Bandicoot, a robot developed by startup
Genrobotics, will start cleaning up sewer holes in Thiruvananthapuram from February 15. And Maharashtra is impressed.
State chief secretary
Sumit Mullick said, "Though we have roped in latest technology to clean manholes, we do not mind hearing more about this innovation. If everything goes right, a pilot may be tried out in Mumbai," he said.
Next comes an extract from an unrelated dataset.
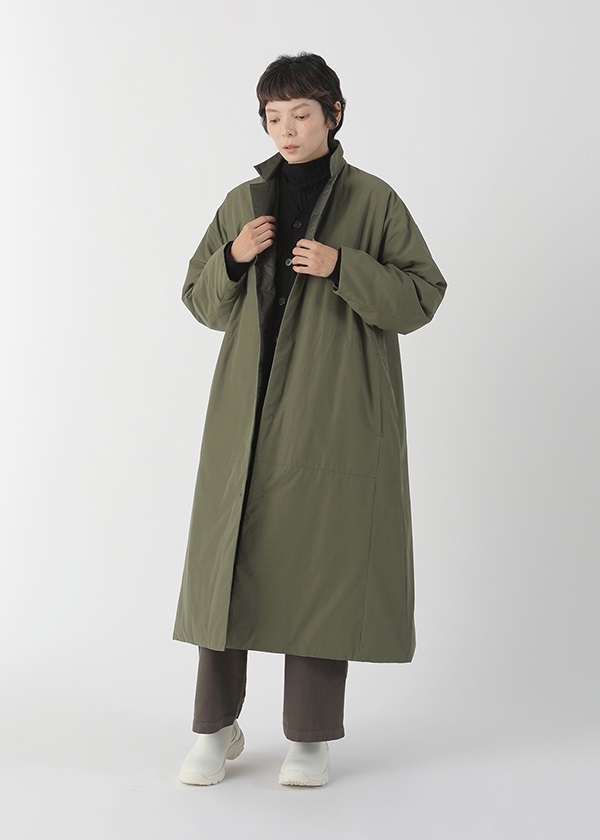 Plantation / ライトリバーダウン / コート(XL khaki(09)): Plantation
Interestingly, the brains behind Bandicoot developed the product after watching Manual Scavengers of Mumbai, a film on the lives of manhole cleaners.
Co-founder
Arun George told TOI the film's visuals got them thinking, which eventually resulted in the robot with four limbs and a bucket system attached to a spider web-like extension to go inside the manhole. "After shoveling the garbage heap or the solid waste at the bottom of the manhole, it is collected by using the bucket system before lifting it upward," George, who formed Genrobotics along with Vimal Govind, Rashid K and
Nikhil NP, said.
The team then conducted a survey for six months in Kochi and Thiruvananthapuram sewer division and found that many manholes and sewer lines were jammed because of the waste from residential areas and hotels.
"The Bandicoot will clean up manholes without putting the human lives at risk," Arun added.
Genrobotics recently tied up with the Kerala Water Authority and the
Kerala Startup Mission to clean up sewer holes. "An MoU for transfer of technology, including use of the robots, has been completed," the team said.